▶ **Task brief**
Every record here must be copied exactly, except for the images it holds.

[Stored items from a collection]
* * * * *
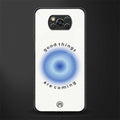 good things are coming glass case for poco x3 pro image
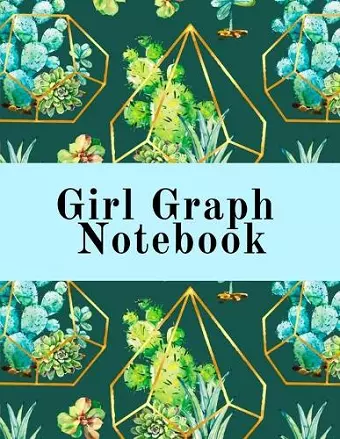 Girl Graph Notebook cover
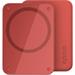 Epico 4200mAh MagSafe kompatibilní bezdrátová power banka - červená
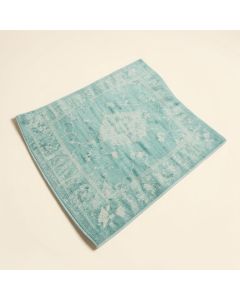 Thomason Turquoise Area Rug (synthetic illustration; no displayed measurements)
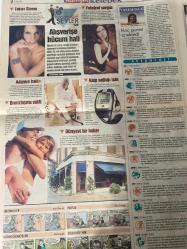 HÜRRİYET KELEBEK GAZETESİ DOĞUM GÜNÜ HEDİYESİ (TURKISH NEWSPAPPER) - 7 NİSAN  2000 - SADECE 4 SAYFADIR -Atilla Taş-Pınar Yılmazer-Yasemin Boran-Gül Nihal Eken-Levent Kırca-Oya Başar-Ayşe Mine-Mehmet Ali Erbil-Rauf Denktaş-Çağla Şikel-Burak Özçivit-Drew Barrymore-Benim ruhumda Şovenlik var-Alışverişe hücum hali-Koç partisi ertelendi-Diyet lezzetler yarıştı-İşte muhteşem tarifler-Okuldan kovuldu-Çağla’nın zehirli çiçeği-Patroniçenin emri-Cansız mankenin işi-Ö’de büyük show-Yeni albüm ve imaj-Kıbrıs’tan yayın-İnanç ve medeniyet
* * * * *
▶ **Response box**
 good things are coming glass case for poco x3 pro image
 Girl Graph Notebook cover
 Epico 4200mAh MagSafe kompatibilní bezdrátová power banka - červená
 Thomason Turquoise Area Rug (synthetic illustration; no displayed measurements)
 HÜRRİYET KELEBEK GAZETESİ DOĞUM GÜNÜ HEDİYESİ (TURKISH NEWSPAPPER) - 7 NİSAN  2000 - SADECE 4 SAYFADIR -Atilla Taş-Pınar Yılmazer-Yasemin Boran-Gül Nihal Eken-Levent Kırca-Oya Başar-Ayşe Mine-Mehmet Ali Erbil-Rauf Denktaş-Çağla Şikel-Burak Özçivit-Drew Barrymore-Benim ruhumda Şovenlik var-Alışverişe hücum hali-Koç partisi ertelendi-Diyet lezzetler yarıştı-İşte muhteşem tarifler-Okuldan kovuldu-Çağla’nın zehirli çiçeği-Patroniçenin emri-Cansız mankenin işi-Ö’de büyük show-Yeni albüm ve imaj-Kıbrıs’tan yayın-İnanç ve medeniyet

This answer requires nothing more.